Older drugs designed to treat mental problems such as delirium, agitation and psychosis may be even more hazardous to the elderly than newer medicines that carry U.S. government warnings, a study showed on Wednesday.

The Food and Drug Administration warned in April that newer "atypical" anti-psychotic medicines such as Johnson & Johnson's Risperdal and Eli Lilly & Co.'s Zyprexa nearly doubled the risk of death in elderly people with dementia.

The study said those warnings should have been extended to older drugs such Haldol and Thorazine, available in generic form, because they posed a risk of death that was 37 percent higher than the atypical drugs.

The report in The New England Journal of Medicine also illustrated the risks of taking studies involving mostly younger people and trying to apply those findings directly to the elderly who may react differently to drugs.

Elderly people are more likely to be given antipsychotic drugs than people in other age groups. They are prescribed for more than 1 in 4 nursing home patients covered by Medicare.

Nonetheless, there is surprisingly little data on how they work in people 65 and older, said Philip Wang of Brigham and Women's Hospital in Boston, the chief author of the study.

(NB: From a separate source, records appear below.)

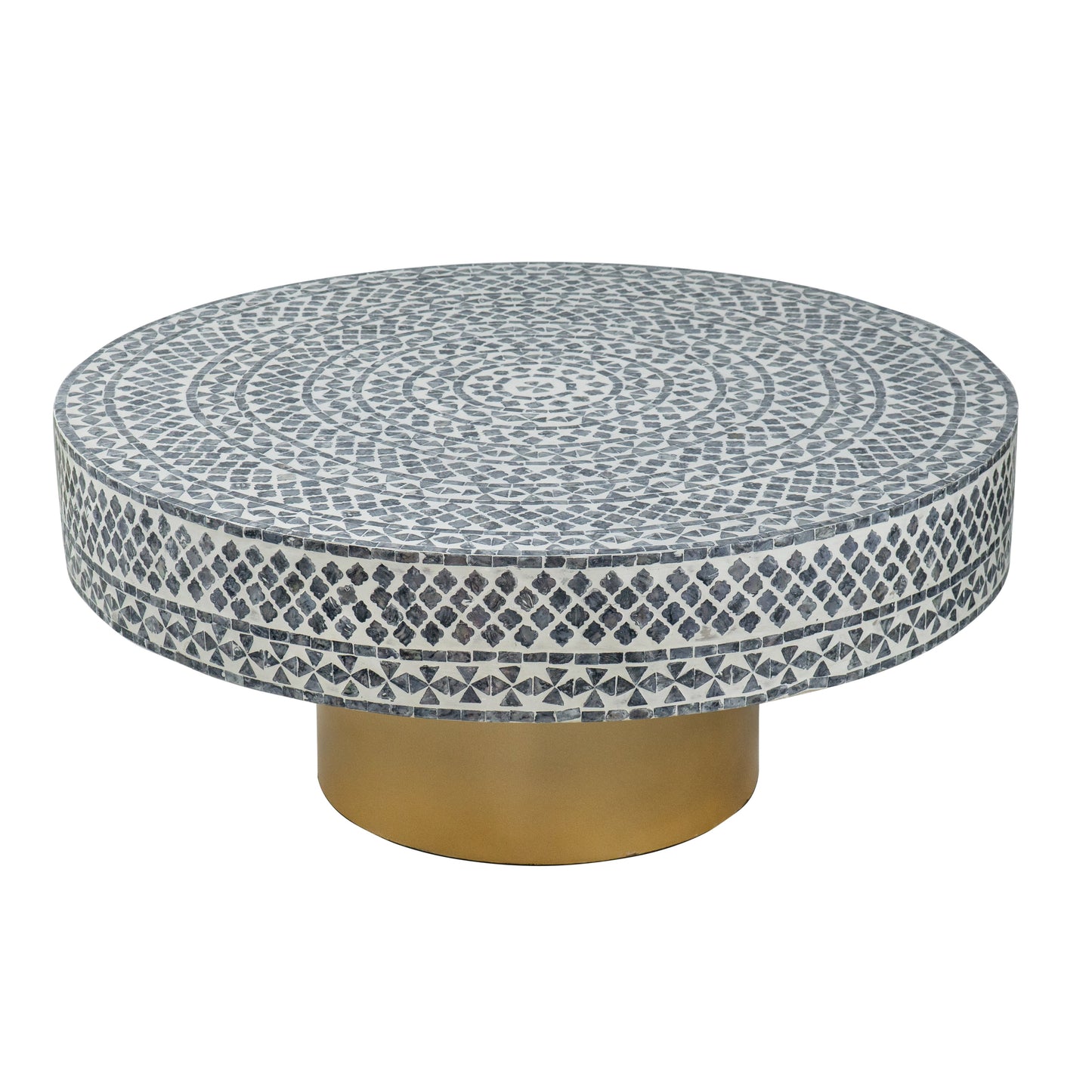 Alacrits Round Coffee Table with Capiz Design and Pedestal Base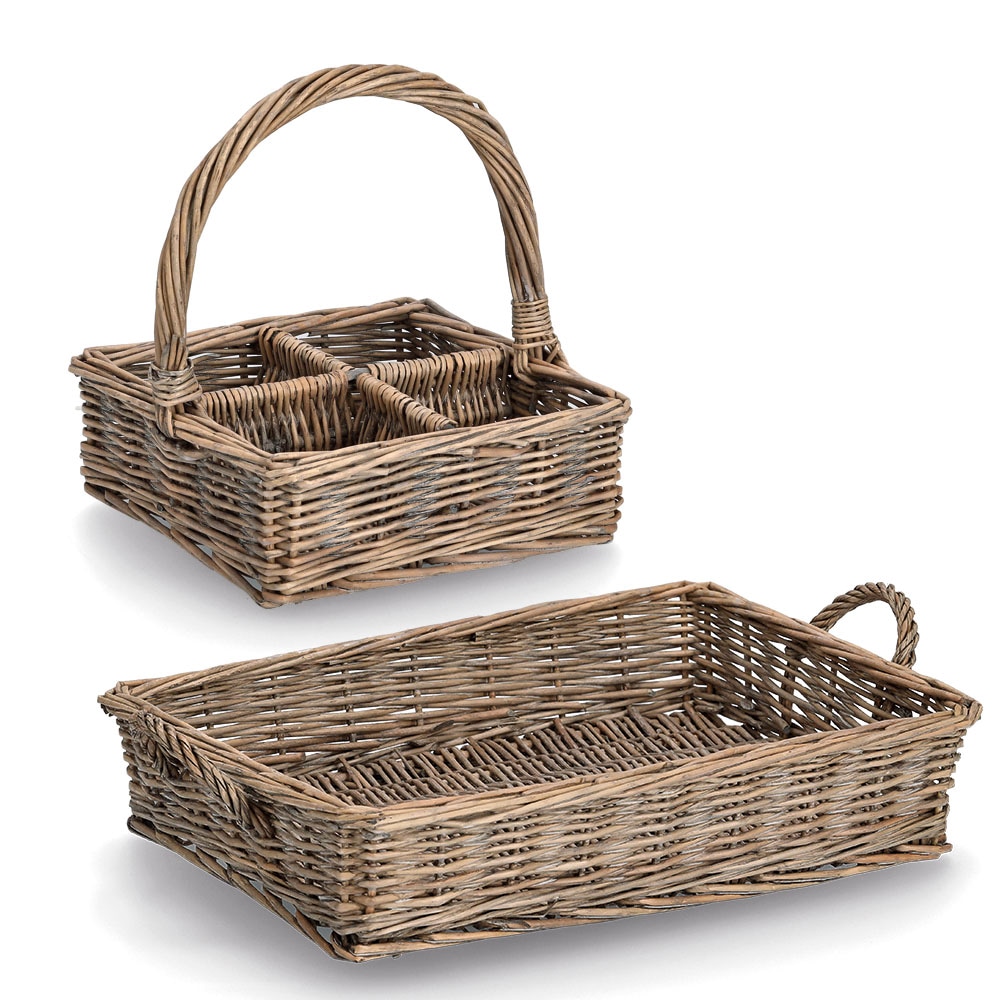 Image of Zeller Present Brotkorb und Tablett im Set, Weide geflochten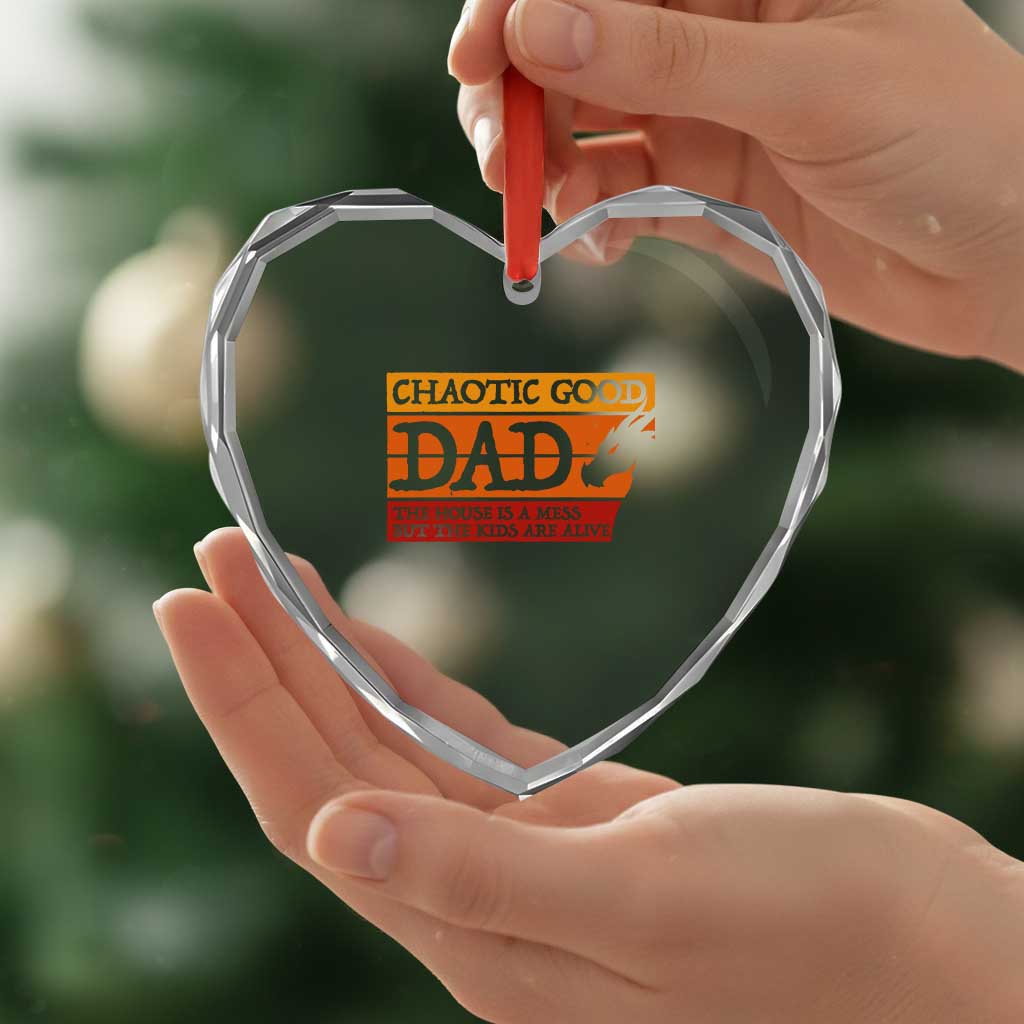 Chaotic Good Dad Funny Tabletop Gamer Parenting Heart Crystal Glass Ornament Retro Sunset Vintage Fantasy Graphic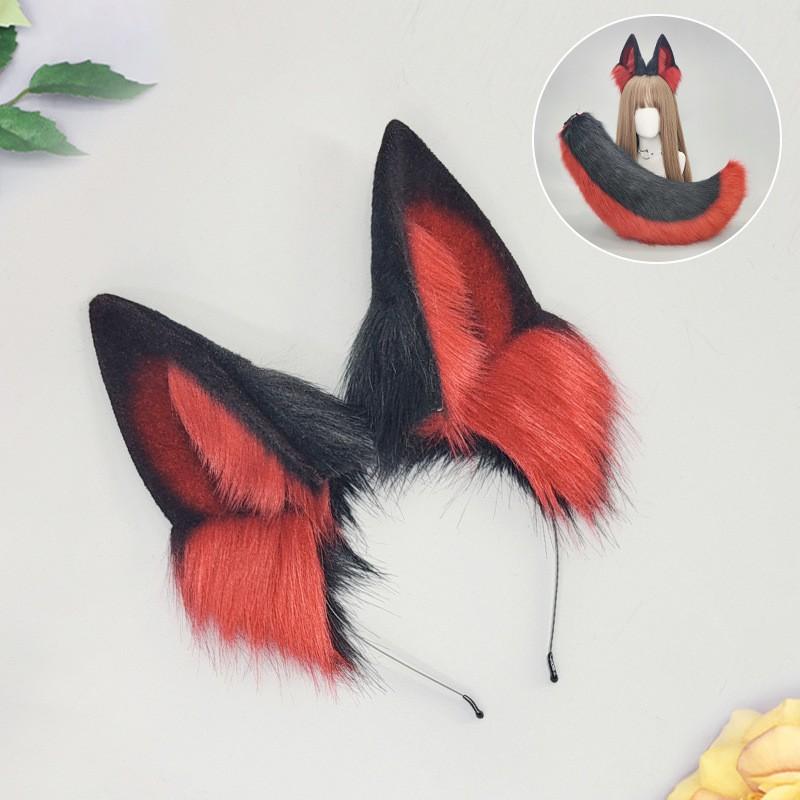 El Yapımı Cosplay Kurt Kulakları Taç Kuyruk Seti Yetişkinler Anime Kostüm Aksesuarı Siyah Temalı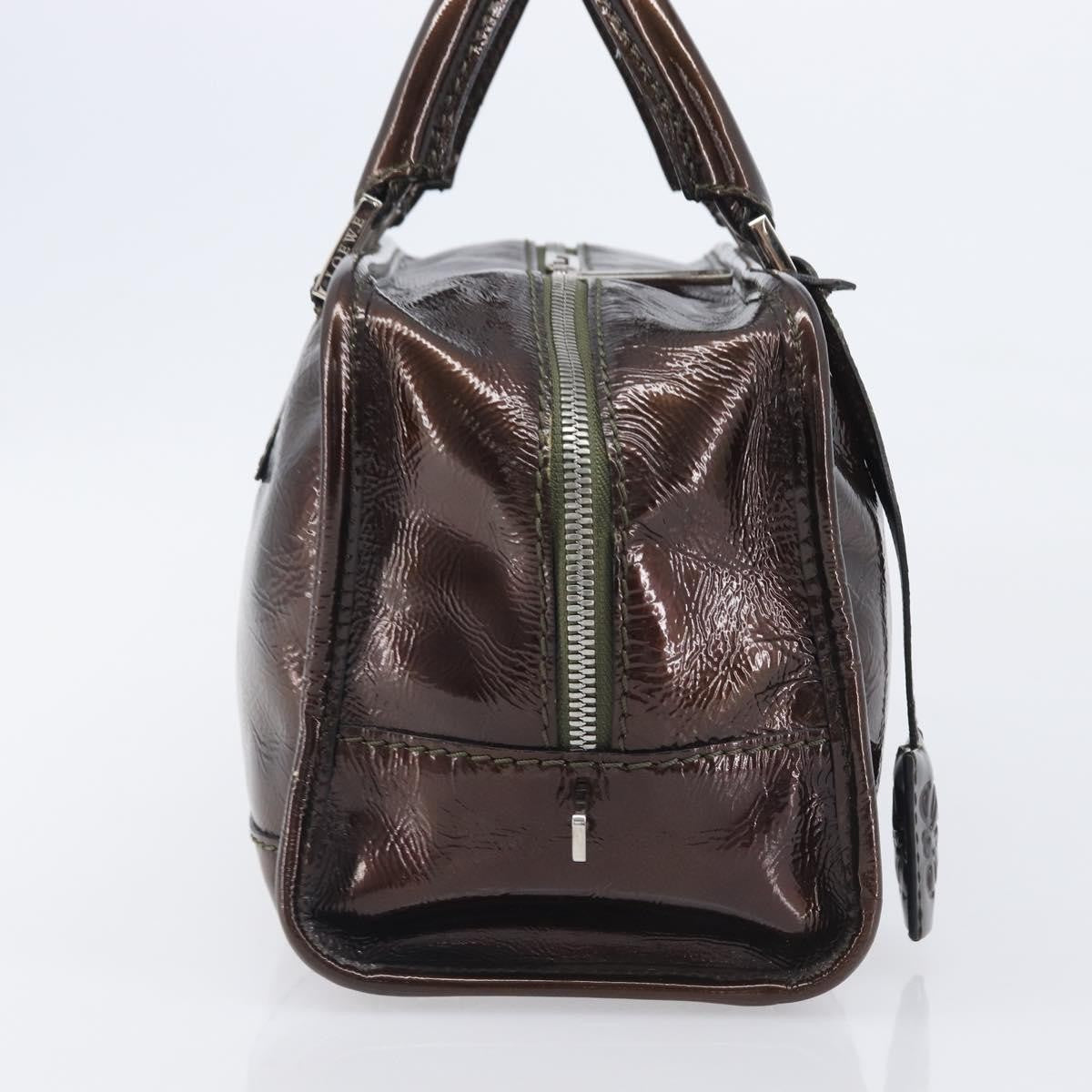 Loewe Amazona Patent, Brown, Patent Leather, Handbag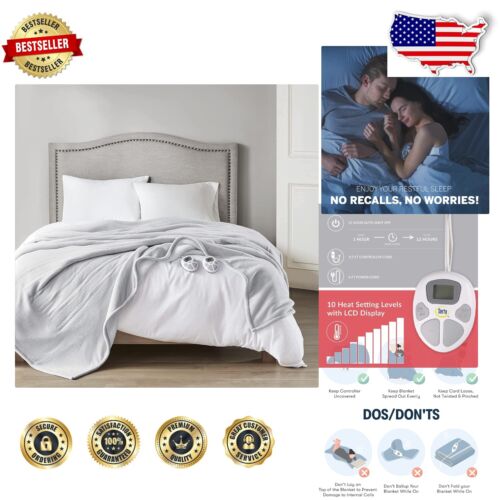 Luxury Reversible Electric Blanket - Soft Fleece & Sherpa, Multi Heat Settings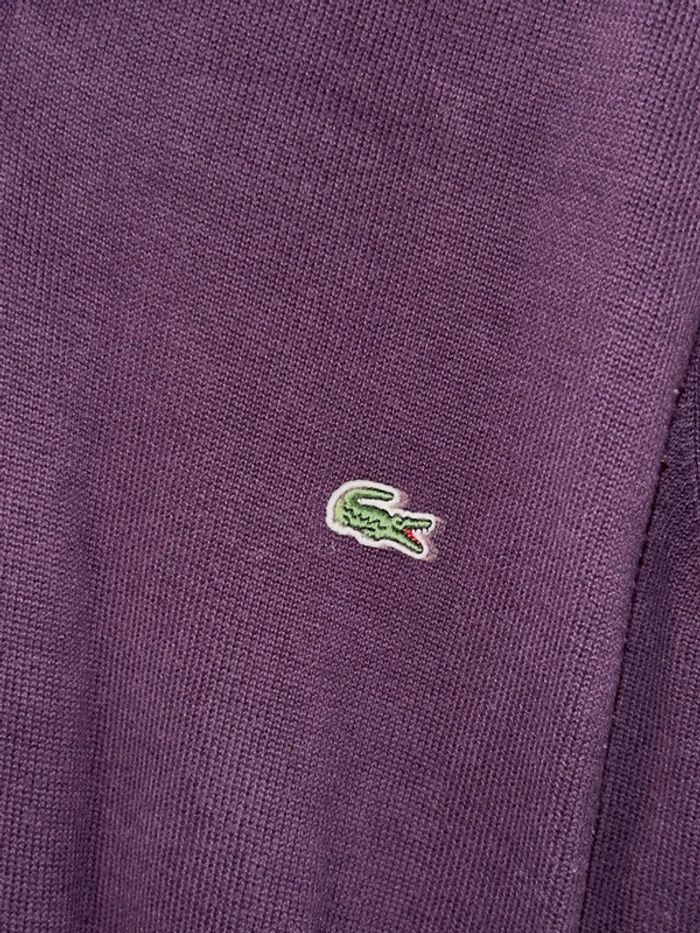 Pull violet col en V#Lacoste authentique #taille 40/42 - photo numéro 3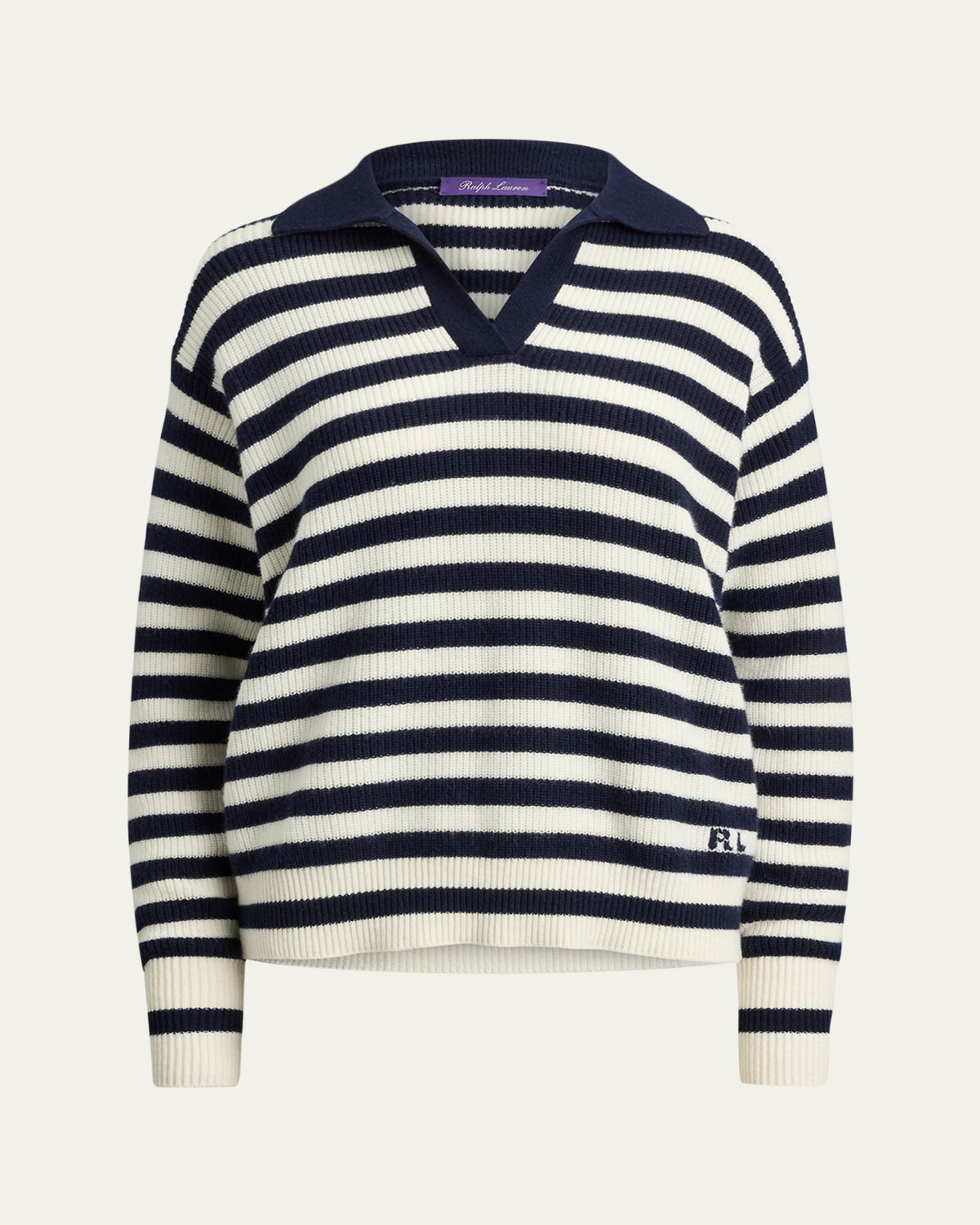 Ralph Lauren Collection Striped Cashmere Polo Sweater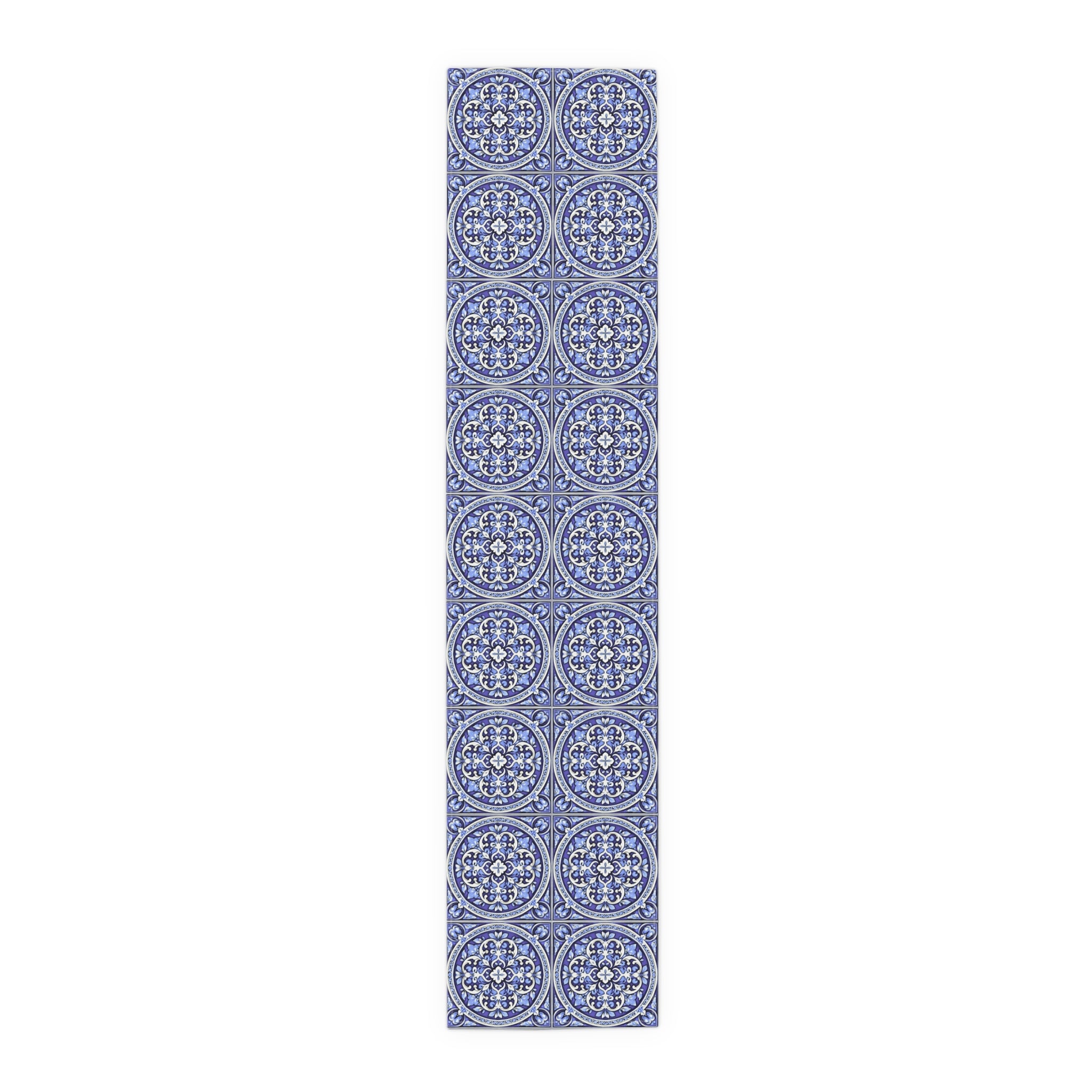 Blue Mediterranean Tile Table Runner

"We don't know what the benefits are, or what the optimal treatment for them is. But the risks are starting to emerge," he told Reuters.

He and his colleagues found that among the people taking the newer drugs, 14.6 percent were dead within the first 180 days. The rate was 17.9 percent for those who began taking the older antipsychotics between 1994 and 2003.

The greatest danger appeared to come when the patients were first taking the medicine and among people receiving the highest doses.

"These results suggest that clinicians should not simply take the atypical agents they stopped prescribing in response to the FDA warning and replace them with the older drugs," said Wang. "This is not an inconsequential risk. The elevation in the death rate we're seeing is over a very short period of time."

The Wang team used a database of 22,890 seniors who had drug insurance benefits in Pennsylvania.